St. Bernard of Clairvaux distinguished between understanding, faith and opinion. He pointed out that opinion lacks certitude, but both understanding and faith have it. Understanding relies on reason, faith on authority. "A faith that lacks certainty is not really faith but rather opinion," he wrote.

Christians need never doubt the evil of abortion, or the immorality of sexual relations between two persons of the same sex. These are absolute and unchangeable truths taught by faith but also knowable by human reason - and therefore doubly certain.

Obama continued: "this doubt should remind us even as we cling to our faith to persuade through reason, through an appeal whenever we can to universal rather than parochial principles, and most of all through an abiding example of good works and charity and kindness and service that moves hearts and minds."

He delivered his answer to the puzzle of living in the world of diverse faiths. "For if there is one law that we can be most certain of, it is the law that binds people of all faiths and no faith together," he said. "It's no coincidence that it exists in Christianity and Judaism; in Islam and Hinduism; in Buddhism and humanism. It is, of course, the Golden Rule - the call to treat one another as we wish to be treated. The call to love. The call to serve. To do what we can to make a difference in the lives of those with whom we share the same brief moment on this Earth."

All committed Christians can agree on this point, but the result will not be what Obama is intending. Speaking as someone who was once on the proverbial 'other side,' who was living a lifestyle contrary to the Gospel, who was anti-life, I know that the most charitable loving thing Christians can do for those on the 'other side' is to love them enough to let them know that their behavior is harmful to themselves, and especially to their eternal salvation.
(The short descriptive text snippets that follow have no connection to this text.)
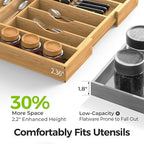 Bamboo Kitchen Drawer Organizer, Expandable Silverware Organizer - Image 3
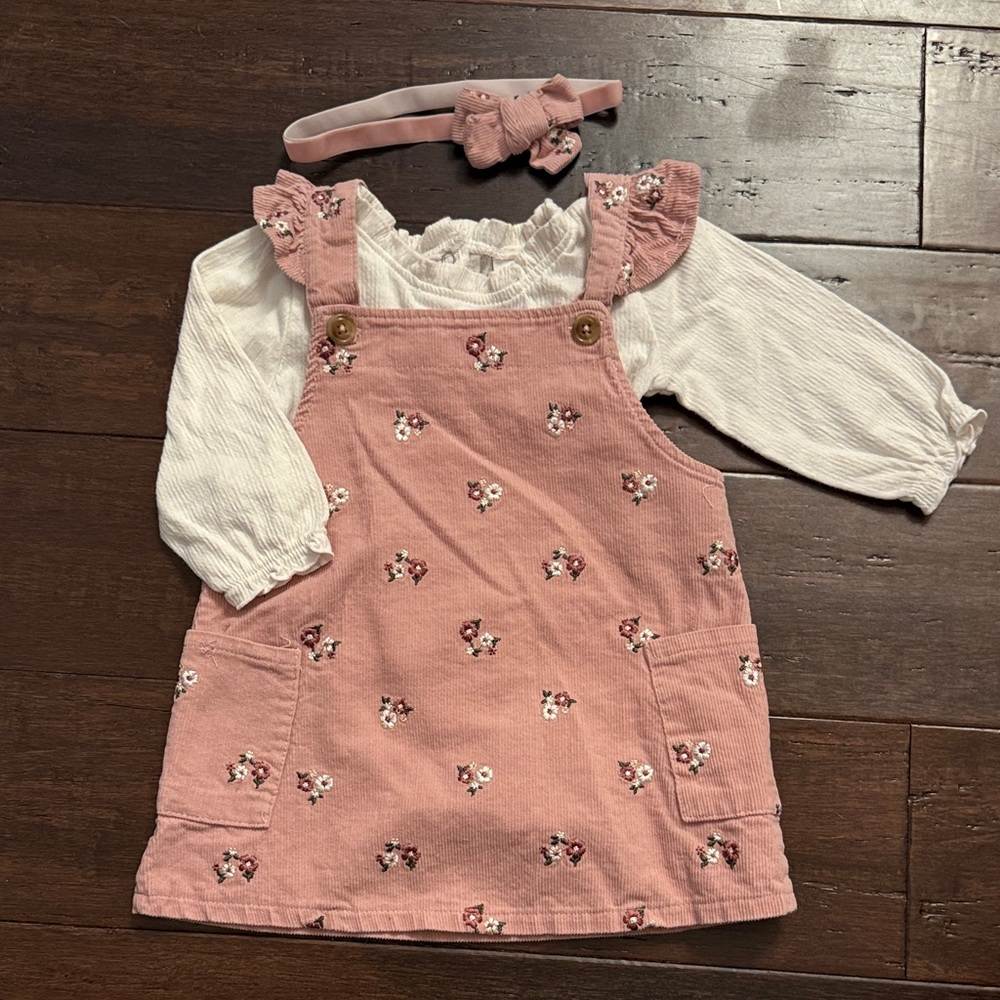 Nicole Miller New York Pink Floral Kids Outfit with Matching Bow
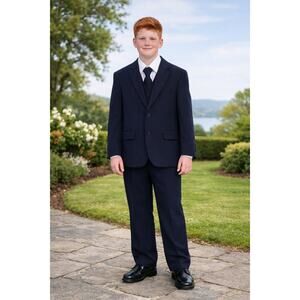 NEW Boys First Holy Communion Suit Size 16H - Navy 5 Piece w/Garment Bag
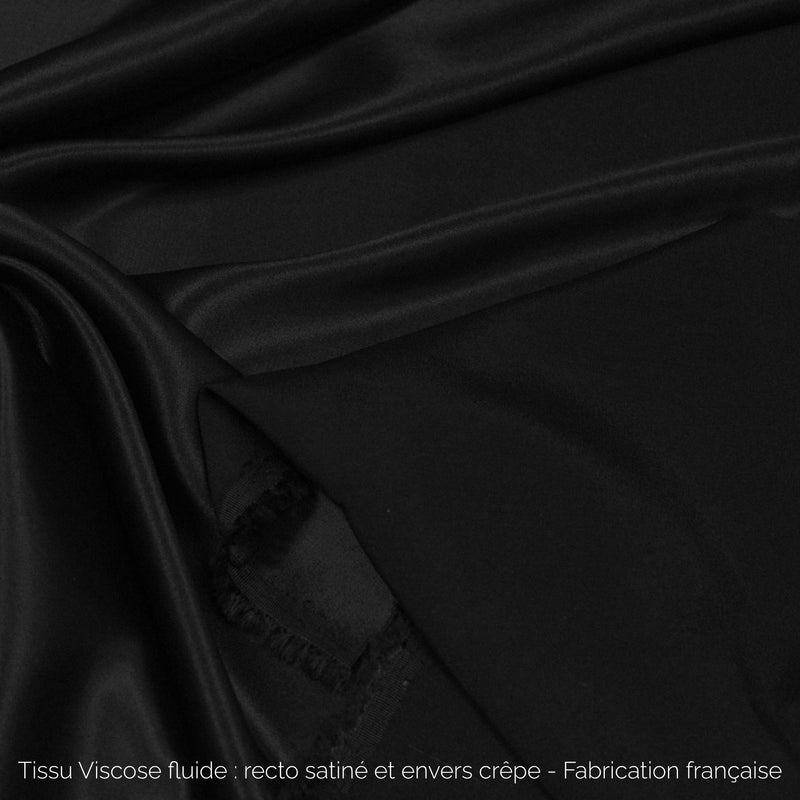 Tissu Viscose fluide : recto satiné et envers crêpe - Fabrication française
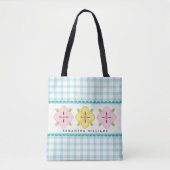 Aqua Buffalo Cheques Plaid Gingham Monogrammed Tote Bag (Voorkant)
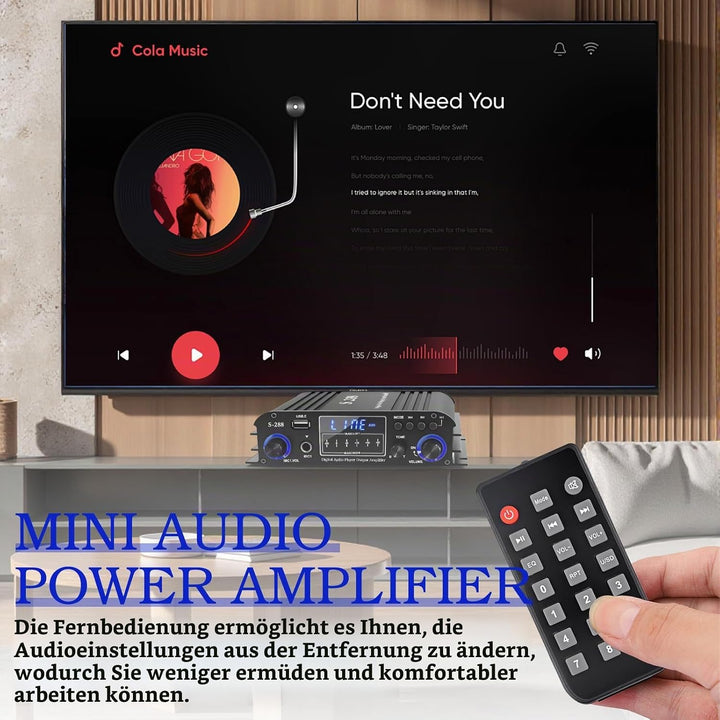 4-Kanal Verstärker, 1200W Audio Leistungsverstärker Bluetooth 5.0, 30Wx4 mit USB/Mikrofon/FM mit Fer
It is love to have the courage to tell the active homosexual that his behavior is harmful for him physically, emotionally and spiritually. It is kindness to tell the abortionist that God loves him and will forgive him if he'd only repent and stop the killing. It is an act of charity for the bishop to tell the errant pro-abortion Catholic politician that he may not receive Holy Communion until he repents of his support for abortion. The Golden Rule does not simply mean that we ought to suspend our faculties of judgment and accept error (a truly fatal error in the case of support for abortion) against our better judgment.